5) Don’t break your sentences up. Use paragraphs.

Typing as you think and pressing enter after every phrase not only makes you look lazy, but it’s very difficult for the reader to scroll through when you’ve just bombarded them with 10 messages at a go, each message only 4-5 words long.

If you really need to space your thoughts out, use the ‘return’ button so it’s kept within the same message. Nothing is more annoying than to return to a conversation to see ’43 unread messages’, yet it often quickly escalates to that, especially in group chats.

6) Use bullet points to emphasize main points and keep it short and sweet.

Using the hyphen (‘-’) to separate your main points also helps the reader scroll through quickly while helping you to avoid typing an essay. Remember, the key words to keep in mind when composing WhatsApp messages are limited screen space.

7) Acknowledge when you’ve read a message. Yes, the other person can see your ‘Last seen’ time stamp. And depending on your privacy settings, they can see the blue ticks as well. But again, it’s common courtesy to acknowledge when you’ve read a message, and if you can’t reply soon, let the person know when you can get back to him or her.
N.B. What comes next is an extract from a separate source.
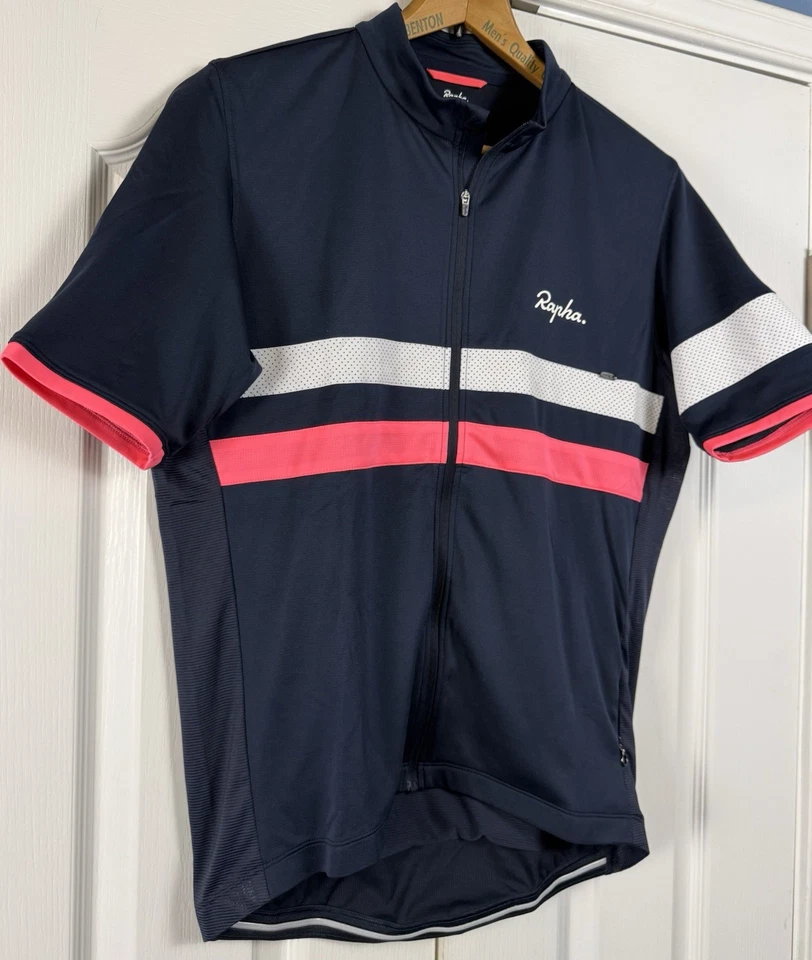 Jersey Rapha Brevet ligero cremallera ciclismo para hombre talla XL azul marino/rosa nuevo sin etiquetas Foto 3 de 4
If you expect people to respond to your messages promptly, then you should do the same as well.

8) Send photos selectively, only if you really need to.

Photos take up space, take time to download, and consume lots of mobile data. You might be excited to share special moments with your co-workers or provide lots of visual examples and illustrations to explain what you mean, but exercise restraint and try not to send more than 2-3 photos at a time, and only if you really need to.

9) Don’t forget to say thank you.

When you’ve gotten the information, feedback, or reply that you need, don’t vanish into thin air. Although WhatsApp may feel like a never-ending conversation and your contacts are just one text message away from the next conversation, it’s good to conclude specific conversations by sending a simple but polite ‘Thank you” to show your appreciation. It will also go a long way the next time you need something else from the same person.


  1. Excellent piece. This is actually my mindset but, it can be really confusing when for example, In a case where in a formal WhatsApp and telegram platform, your boss is actually the one who uses all kinds of emoji in responding to vital information with urgent attention, how then should the employees communicate back?

    Most of the times, the concerned issues, are left unresolved therefore bouncing back to whoever needed the help on way forward on that particular matter therefore resolving to serving of a query of ‘not being able to use discretion.’

    In such case, how should this be handled?